Matthew Webb, an award-winning professor at Huntington University, shares his story.
By Jonathan Wagner, Staff Writer
Matthew Webb, instructor of film production at Huntington University, was born in Texas and grew up right here in Huntington. He was also a student who graduated from Huntington University, along with his younger siblings.
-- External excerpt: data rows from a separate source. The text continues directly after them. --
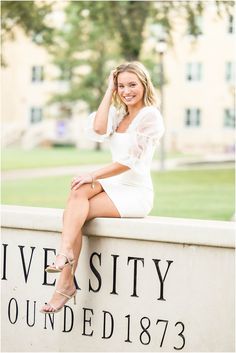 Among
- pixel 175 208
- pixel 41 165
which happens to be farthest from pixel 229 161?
pixel 175 208

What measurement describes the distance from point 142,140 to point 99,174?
0.31 metres

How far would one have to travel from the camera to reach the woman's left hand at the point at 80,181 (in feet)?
14.2

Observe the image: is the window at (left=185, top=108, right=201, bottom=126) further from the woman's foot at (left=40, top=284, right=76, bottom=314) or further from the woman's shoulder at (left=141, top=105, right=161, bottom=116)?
the woman's foot at (left=40, top=284, right=76, bottom=314)

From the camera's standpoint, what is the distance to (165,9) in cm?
1448

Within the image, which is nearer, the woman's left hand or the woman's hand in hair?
the woman's left hand

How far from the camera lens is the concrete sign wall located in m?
4.09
He then worked in Haiti for three years and in Los Angeles for 12 years before moving back to Huntington to teach in 2016.
Webb grew up in the Church of God, located in Anderson, Ind. and was introduced to the United Brethren Church during his time as a student at Huntington University. He was baptized in a United Brethren church, and he and his wife served as Mission Coordinators for Good Shepherd UB Church in Huntington for a time.
While in California, Webb was introduced to the Evangelical Covenant Church. One thing that he particularly likes about the ECC is their focus on what unites Christians, rather than what separates them. He has six affirmations that are foundational for the Christian faith, and he views all else as unnecessarily divisive.
Webb said this about the differences in Christian beliefs: “While [it’s] worth engaging in rich theological dialogue, these issues should not divide us.”
Webb has his BA in theatre from Huntington University, a Master of Arts in theology and art (film) from Fuller Theological Seminary, and is currently finishing his Master of Fine Arts in film and television production at Asbury University.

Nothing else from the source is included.